*ACTIVITY*
All lines with the word "building" are to be found and copied from the listing.
┌──
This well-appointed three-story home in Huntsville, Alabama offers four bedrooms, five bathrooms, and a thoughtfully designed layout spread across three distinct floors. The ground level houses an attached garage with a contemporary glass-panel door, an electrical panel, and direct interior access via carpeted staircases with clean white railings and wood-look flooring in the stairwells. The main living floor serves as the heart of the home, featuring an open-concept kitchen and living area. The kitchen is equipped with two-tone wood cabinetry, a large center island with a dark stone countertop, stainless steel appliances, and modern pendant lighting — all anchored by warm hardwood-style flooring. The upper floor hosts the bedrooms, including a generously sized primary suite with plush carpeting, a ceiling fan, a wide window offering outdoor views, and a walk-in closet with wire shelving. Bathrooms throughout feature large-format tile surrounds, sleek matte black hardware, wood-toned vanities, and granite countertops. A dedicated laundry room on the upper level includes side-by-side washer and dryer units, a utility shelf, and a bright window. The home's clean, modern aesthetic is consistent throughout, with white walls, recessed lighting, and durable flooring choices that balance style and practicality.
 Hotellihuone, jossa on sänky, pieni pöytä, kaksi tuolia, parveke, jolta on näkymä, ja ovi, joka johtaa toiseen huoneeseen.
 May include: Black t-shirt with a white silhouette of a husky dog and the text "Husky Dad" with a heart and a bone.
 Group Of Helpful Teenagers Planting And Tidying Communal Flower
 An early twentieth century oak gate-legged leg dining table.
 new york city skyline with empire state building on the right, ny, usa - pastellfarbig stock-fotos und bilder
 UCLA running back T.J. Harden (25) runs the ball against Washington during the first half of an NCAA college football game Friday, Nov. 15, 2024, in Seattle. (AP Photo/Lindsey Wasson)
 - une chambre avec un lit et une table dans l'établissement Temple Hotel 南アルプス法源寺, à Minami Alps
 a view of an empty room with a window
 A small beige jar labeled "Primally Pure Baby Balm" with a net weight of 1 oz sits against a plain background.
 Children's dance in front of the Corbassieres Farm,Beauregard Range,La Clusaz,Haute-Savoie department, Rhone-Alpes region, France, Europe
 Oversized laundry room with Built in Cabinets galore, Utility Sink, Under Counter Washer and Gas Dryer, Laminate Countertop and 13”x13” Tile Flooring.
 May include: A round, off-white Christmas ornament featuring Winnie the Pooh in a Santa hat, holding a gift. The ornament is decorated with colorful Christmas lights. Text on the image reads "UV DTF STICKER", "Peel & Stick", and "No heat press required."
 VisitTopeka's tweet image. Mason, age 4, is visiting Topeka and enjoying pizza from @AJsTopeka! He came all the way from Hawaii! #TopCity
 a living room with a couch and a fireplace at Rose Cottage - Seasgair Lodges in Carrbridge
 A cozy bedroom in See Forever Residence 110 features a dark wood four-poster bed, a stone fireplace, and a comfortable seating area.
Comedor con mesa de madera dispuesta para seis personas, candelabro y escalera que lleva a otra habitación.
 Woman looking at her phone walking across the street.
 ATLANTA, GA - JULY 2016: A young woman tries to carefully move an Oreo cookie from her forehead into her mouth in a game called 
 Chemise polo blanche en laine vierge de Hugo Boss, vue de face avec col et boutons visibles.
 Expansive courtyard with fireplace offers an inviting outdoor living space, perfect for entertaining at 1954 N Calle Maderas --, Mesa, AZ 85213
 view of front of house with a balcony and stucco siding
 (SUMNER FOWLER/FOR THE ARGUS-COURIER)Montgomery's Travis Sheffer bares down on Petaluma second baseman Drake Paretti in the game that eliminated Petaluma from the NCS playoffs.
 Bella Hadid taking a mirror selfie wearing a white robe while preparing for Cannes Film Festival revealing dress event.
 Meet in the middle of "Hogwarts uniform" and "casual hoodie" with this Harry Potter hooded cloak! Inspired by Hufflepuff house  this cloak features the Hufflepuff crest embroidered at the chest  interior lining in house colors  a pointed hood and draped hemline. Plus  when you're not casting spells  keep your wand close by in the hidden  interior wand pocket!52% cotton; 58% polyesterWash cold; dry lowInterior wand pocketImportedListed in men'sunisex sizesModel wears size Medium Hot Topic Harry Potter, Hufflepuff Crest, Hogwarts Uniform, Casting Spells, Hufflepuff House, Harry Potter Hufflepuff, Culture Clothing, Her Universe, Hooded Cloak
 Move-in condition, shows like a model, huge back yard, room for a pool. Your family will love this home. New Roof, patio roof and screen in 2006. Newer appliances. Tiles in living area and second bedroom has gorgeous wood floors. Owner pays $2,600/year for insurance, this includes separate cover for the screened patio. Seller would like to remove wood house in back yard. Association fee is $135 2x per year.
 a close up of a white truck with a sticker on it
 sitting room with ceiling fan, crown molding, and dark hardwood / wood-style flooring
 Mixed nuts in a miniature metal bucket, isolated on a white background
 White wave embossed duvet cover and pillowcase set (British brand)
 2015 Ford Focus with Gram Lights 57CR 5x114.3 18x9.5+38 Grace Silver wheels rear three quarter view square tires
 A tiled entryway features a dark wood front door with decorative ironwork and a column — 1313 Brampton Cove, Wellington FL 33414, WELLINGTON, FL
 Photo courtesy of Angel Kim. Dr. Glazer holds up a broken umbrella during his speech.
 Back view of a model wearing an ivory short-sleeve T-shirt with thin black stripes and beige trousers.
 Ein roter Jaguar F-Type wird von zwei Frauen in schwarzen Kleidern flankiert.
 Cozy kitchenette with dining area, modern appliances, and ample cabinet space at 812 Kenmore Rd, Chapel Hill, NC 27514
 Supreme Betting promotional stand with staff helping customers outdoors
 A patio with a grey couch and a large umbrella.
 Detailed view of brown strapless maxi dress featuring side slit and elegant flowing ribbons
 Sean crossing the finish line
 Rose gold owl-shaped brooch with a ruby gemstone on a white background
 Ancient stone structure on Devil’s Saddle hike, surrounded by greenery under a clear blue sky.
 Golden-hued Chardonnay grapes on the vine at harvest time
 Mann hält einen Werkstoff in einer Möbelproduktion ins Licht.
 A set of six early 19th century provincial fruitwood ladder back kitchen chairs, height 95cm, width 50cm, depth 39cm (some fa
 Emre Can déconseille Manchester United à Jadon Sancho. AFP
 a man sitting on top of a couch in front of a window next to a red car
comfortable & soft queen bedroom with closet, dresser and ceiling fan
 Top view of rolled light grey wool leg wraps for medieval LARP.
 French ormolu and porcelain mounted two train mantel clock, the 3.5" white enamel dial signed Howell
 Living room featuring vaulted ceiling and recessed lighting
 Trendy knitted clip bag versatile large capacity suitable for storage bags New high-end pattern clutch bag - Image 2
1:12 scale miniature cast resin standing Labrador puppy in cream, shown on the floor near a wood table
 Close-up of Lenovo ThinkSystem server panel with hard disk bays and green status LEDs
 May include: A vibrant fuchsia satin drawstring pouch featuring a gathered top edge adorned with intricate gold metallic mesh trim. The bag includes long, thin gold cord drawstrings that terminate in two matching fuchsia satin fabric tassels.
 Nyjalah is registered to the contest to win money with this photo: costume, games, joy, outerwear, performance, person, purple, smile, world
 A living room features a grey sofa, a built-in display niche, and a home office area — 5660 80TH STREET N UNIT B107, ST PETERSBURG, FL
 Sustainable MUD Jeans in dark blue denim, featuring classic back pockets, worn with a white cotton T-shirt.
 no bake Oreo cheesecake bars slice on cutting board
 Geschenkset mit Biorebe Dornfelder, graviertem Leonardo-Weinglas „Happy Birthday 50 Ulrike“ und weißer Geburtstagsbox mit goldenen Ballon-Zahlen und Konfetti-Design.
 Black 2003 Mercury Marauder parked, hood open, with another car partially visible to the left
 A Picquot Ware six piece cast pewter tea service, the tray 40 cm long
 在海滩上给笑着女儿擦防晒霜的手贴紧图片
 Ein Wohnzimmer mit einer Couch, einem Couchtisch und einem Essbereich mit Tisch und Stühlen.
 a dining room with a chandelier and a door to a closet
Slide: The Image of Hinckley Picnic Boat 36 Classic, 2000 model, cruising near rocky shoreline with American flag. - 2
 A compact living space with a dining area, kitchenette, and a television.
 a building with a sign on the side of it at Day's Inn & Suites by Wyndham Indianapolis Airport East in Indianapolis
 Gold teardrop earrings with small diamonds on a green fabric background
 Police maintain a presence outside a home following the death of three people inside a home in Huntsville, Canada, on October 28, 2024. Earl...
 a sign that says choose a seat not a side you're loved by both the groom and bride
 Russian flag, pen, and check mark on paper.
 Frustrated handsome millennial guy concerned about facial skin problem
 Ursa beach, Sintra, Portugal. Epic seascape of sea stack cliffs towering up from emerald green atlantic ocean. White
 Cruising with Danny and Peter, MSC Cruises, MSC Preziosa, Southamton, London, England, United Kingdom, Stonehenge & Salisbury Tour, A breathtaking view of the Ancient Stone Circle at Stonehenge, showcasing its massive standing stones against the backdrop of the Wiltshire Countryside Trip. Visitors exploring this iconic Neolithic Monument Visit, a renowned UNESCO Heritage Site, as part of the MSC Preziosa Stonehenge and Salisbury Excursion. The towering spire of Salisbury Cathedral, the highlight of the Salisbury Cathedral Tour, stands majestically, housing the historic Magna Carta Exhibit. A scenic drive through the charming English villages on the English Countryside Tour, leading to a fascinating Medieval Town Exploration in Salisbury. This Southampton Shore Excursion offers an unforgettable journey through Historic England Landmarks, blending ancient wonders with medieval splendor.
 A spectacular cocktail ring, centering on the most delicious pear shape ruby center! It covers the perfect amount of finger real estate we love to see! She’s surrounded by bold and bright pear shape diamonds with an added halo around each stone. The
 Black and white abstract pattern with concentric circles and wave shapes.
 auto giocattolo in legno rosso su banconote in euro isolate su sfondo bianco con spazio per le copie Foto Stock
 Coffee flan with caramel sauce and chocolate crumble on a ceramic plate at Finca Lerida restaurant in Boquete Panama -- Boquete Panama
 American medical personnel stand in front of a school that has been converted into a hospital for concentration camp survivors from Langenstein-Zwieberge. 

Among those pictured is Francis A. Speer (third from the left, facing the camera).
└──
*WRITTEN ANSWER*
 new york city skyline with empire state building on the right, ny, usa - pastellfarbig stock-fotos und bilder
 a building with a sign on the side of it at Day's Inn & Suites by Wyndham Indianapolis Airport East in Indianapolis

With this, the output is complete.